On April 24, 2014, CNN anchor and chief Washington correspondent Jake Tapper reported on President Barack Obama’s dramatic retreat from his pledge – for the sixth year in a row – to properly characterize the murder of 1.5 million Armenians as ‘genocide.’
Using video of then Senator Obama, shared by the ANCA, and Samantha Power’s campaign pitch for the President in 2008, Tapper concluded that the facts once characterized by Obama as undeniable, are in fact, for the President “quite deniable.”
“For the sixth year in a row, President Barack Obama has broken his promise to the Armenian community, made when seeking their votes as a senator and a presidential candidate, to use the word “genocide” to describe the massacre of an estimated 1.5 million Armenians at the hands of the Ottoman Empire a century ago. He did this in deference to the government of Turkey, which – historical revisionism aside – the Obama administration regards as a more crucial ally,” Tapper wrote in an article.

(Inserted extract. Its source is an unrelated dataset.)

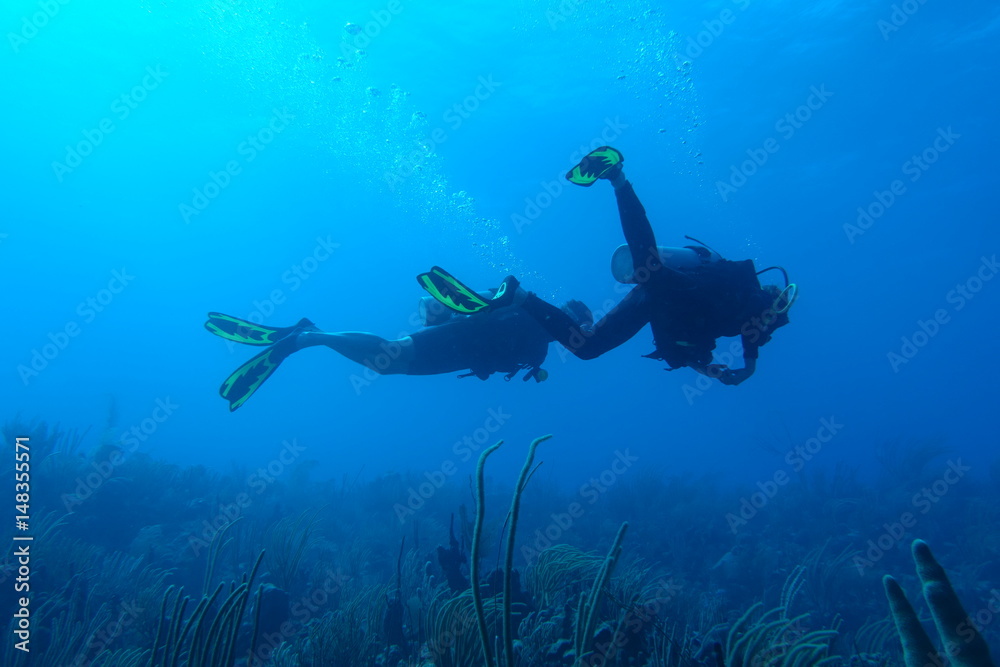 Fototapeta premium Diving in Puerto Rico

The disappointment from Armenian-Americans is all the more profound because not only did then-Senator Obama promise to call the massacre a “genocide,” he held up his willingness to do so as an example of why he was the kind of candidate the nation needed, noting as a presidential candidate that in 2006 he had criticized then-Secretary of State Condoleezza Rice for firing U.S. Ambassador to Armenia John Evans “after he properly used the term ‘genocide’ to describe Turkey’s slaughter of thousands of Armenians starting in 1915. I shared with Secretary Rice my firmly held conviction that the Armenian Genocide is not an allegation, a personal opinion, or a point of view, but rather a widely documented fact supported by an overwhelming body of historical evidence.”
“The facts are undeniable,” Obama said then, though today he denied them.
“America deserves a leader who speaks truthfully about the Armenian Genocide and responds forcefully to all genocides,” he said in 2008. “I intend to be that president.”